Redekopp serves as a teaching faculty primarily in the area of digital design and computer architecture. He has also developed several new and novel courses including a hands-on introductory course to the Computer Engineering and Computer Science major as well as a programming course for electrical and biomedical engineers that focuses on problem solving skills in the context of field-specific problems. Mark has also added hands-on lab components to several courses as well as being involved in the development and implementation of an interdisciplinary capstone design course that integrates students from marketing, fine arts, and engineering schools to develop a new product and its marketing materials. Mark serves on the Division of Engineering Education at USC which is charged with developing novel and innovative curricular changes to the engineering curriculum.
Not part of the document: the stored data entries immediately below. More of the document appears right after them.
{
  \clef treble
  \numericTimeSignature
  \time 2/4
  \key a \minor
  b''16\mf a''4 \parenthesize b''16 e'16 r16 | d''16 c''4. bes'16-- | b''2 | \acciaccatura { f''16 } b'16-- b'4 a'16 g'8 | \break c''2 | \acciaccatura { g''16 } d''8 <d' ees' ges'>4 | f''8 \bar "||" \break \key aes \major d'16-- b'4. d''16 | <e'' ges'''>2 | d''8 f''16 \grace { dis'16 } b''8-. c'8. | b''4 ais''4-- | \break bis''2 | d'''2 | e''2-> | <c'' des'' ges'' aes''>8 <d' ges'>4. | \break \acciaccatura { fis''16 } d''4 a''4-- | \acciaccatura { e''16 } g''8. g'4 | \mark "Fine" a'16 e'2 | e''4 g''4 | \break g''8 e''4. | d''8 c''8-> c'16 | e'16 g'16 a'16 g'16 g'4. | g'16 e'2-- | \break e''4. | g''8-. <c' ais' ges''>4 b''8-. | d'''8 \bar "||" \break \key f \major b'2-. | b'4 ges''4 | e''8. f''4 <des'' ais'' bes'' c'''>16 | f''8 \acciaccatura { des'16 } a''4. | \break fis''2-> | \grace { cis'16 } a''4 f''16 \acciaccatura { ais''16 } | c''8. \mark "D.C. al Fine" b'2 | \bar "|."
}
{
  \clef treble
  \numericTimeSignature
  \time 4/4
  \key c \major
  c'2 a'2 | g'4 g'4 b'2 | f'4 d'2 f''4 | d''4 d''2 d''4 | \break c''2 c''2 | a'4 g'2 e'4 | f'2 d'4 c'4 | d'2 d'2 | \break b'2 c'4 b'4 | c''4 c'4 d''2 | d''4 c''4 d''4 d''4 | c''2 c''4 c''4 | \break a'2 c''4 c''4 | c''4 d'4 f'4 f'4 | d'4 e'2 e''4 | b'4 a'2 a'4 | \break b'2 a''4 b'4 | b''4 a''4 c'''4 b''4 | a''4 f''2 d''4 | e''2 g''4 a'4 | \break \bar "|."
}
Silvester's primary research area is performance analysis and optimization of computer and communication networks. He did some of the earliest work on multi-hop packet radio networks exploring power control tradeoffs between progress toward the destination and interference with other nodes. He has also worked on traffic analysis and management for both wireless and high speed optical networks. In recent years, he was vice-provost for academic computing and scholarly technology at USC during the decade that the University transitioned into the digital information age as the world-wide-web burst onto the scene. He has played a major role in the development of high performance optical networks for the research and education community at regional, national and international scales through his leadership in CENIC, Internet2, the National LambdaRail, and international network connectivity projects.
From 1969 through 1988 Ung spent half of his time doing test and evaluation of weapons systems at the US Army White Sands Missile Range. Through his work, he was chosen by Society for Comp Simulation to chair three consecutive Aerospace Conferences in 1984, ’86, and ’88. In those conferences he also acted as Editor of the proceedings. He also consulted for other branches of the military and the allies. At USC he has been teaching Real-Time computer systems where students are guided to do hardware-in-the-loop systems based upon his military experience.